The Machinery Directive
- promotes the free movement of machinery within the single market
- guarantees a high level of protection for EU workers and citizens
As it is a 'new approach' directive, it promotes harmonisation through a combination of mandatory essential health and safety requirements and voluntary harmonised standards reflecting the state-of-the-art. The Directive applies to products that are placed on the EU market for the first time or when existing machinery is modified to such extent that it becomes de facto new machinery.
The Machinery Directive was amended a few times to take account of technical progress. See the latest consolidated version of the Machinery Directive.
The Machinery Regulation
The new Machinery Regulation (EU) 2023/1230 was adopted on 14 June 2023. A corrigendum has been issued to address a clerical error as regards the application dates in the original version. See the latest consolidated version of the Machinery Regulation.
The Regulation aligns with the New Legislative Framework. It continues to promote harmonisation through a combination of mandatory essential health and safety requirements and voluntary harmonised standards, as with the current Machinery Directive.
- increases legal certainty, through uniform application
- integrates provisions for machinery with safety functions that are AI-powered
- integrates provisions for cyber-safety for compliance-relevant software data and safety control systems
- addresses the conformity assessment of machinery presenting a higher risk factor
- updates certain product category-specific provisions
- applies on a mandatory basis as of 20 January 2027
Compliance and conformity
All machinery placed on the EU market before 20 January 2027 must comply with the current Machinery Directive 2006/42/EC. Manufacturers are allowed to state on an EU Declaration of Conformity that such machinery also conforms with Machinery Regulation (EU) 2023/1230 if applicable.
The Guide to the application of the Machinery Directive 2006/42/EC is available in English. It consists of useful examples and explanations covering virtually the entire scope of applying the Directive. The guide includes a thematic index to make it easier to navigate.
- Machinery Directive application guide edition 2.2 (published October 2019)
- Application guide: ergonomic health and safety requirements
This document above guides you through applying ergonomic essential health and safety requirements mentioned in section 1.1.6 of Annexe I to the Machinery Directive and the corresponding harmonised standards.

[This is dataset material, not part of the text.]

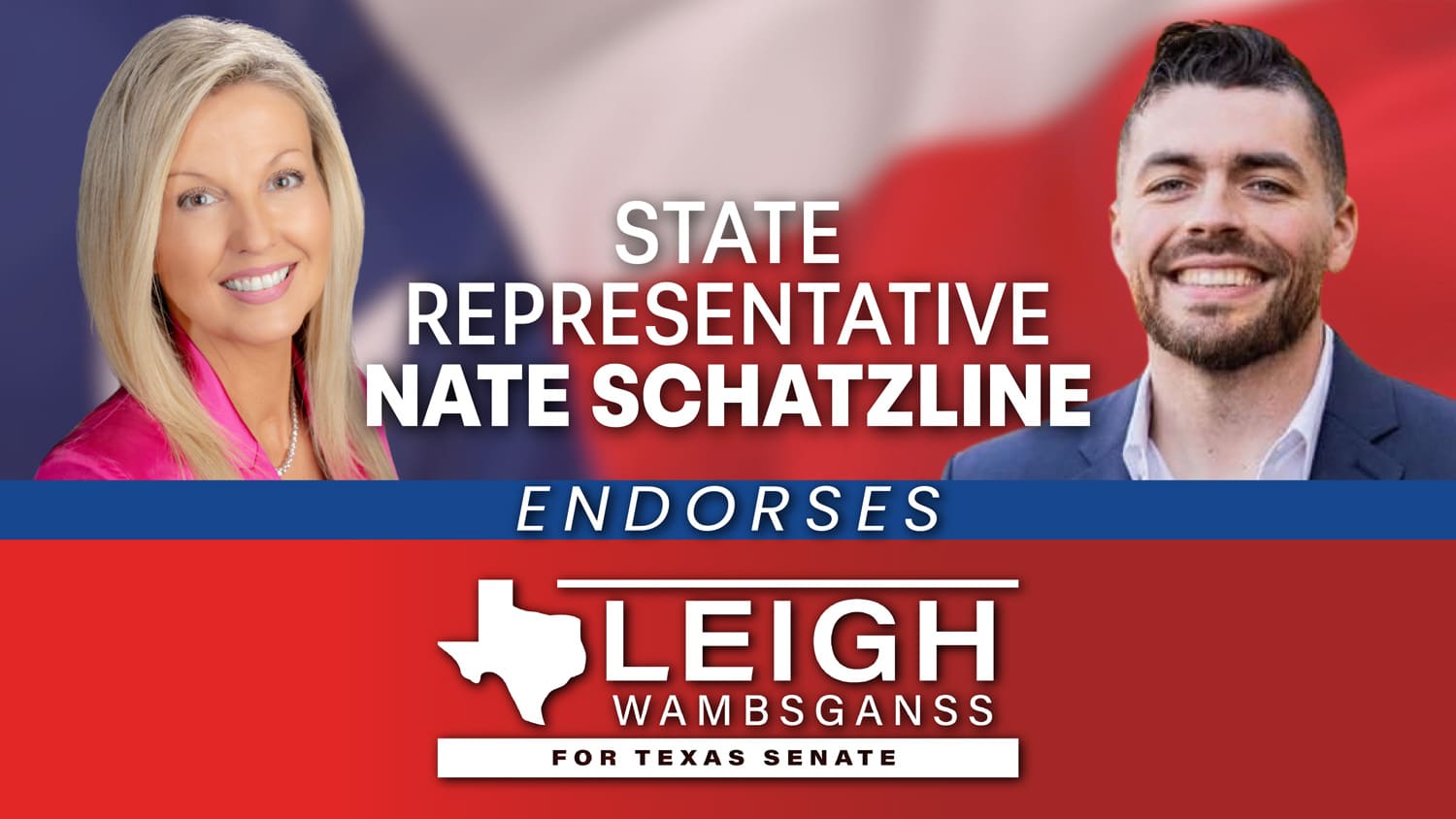 State Representative Nate Schatzline Endorses Leigh Wambsganss for Texas Senate District 9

Market surveillance ensures that products on the EU market do not endanger EU workers and citizens. It also ensures the protection of other public interests, such as the environment, security and fairness in trade.
See the lists of national market surveillance authorities linked below.
European cooperation on market surveillance takes place through informal groups of market surveillance authorities, called Administrative Cooperation groups (AdCos). The Commission supports these groups. The AdCo on machinery generally meets twice per year, either in Brussels or in another European location. The group works autonomously to a great extent.
Administrative Cooperation group on machinery market surveillance (access is limited to representatives of national market surveillance authorities and other authorised stakeholders)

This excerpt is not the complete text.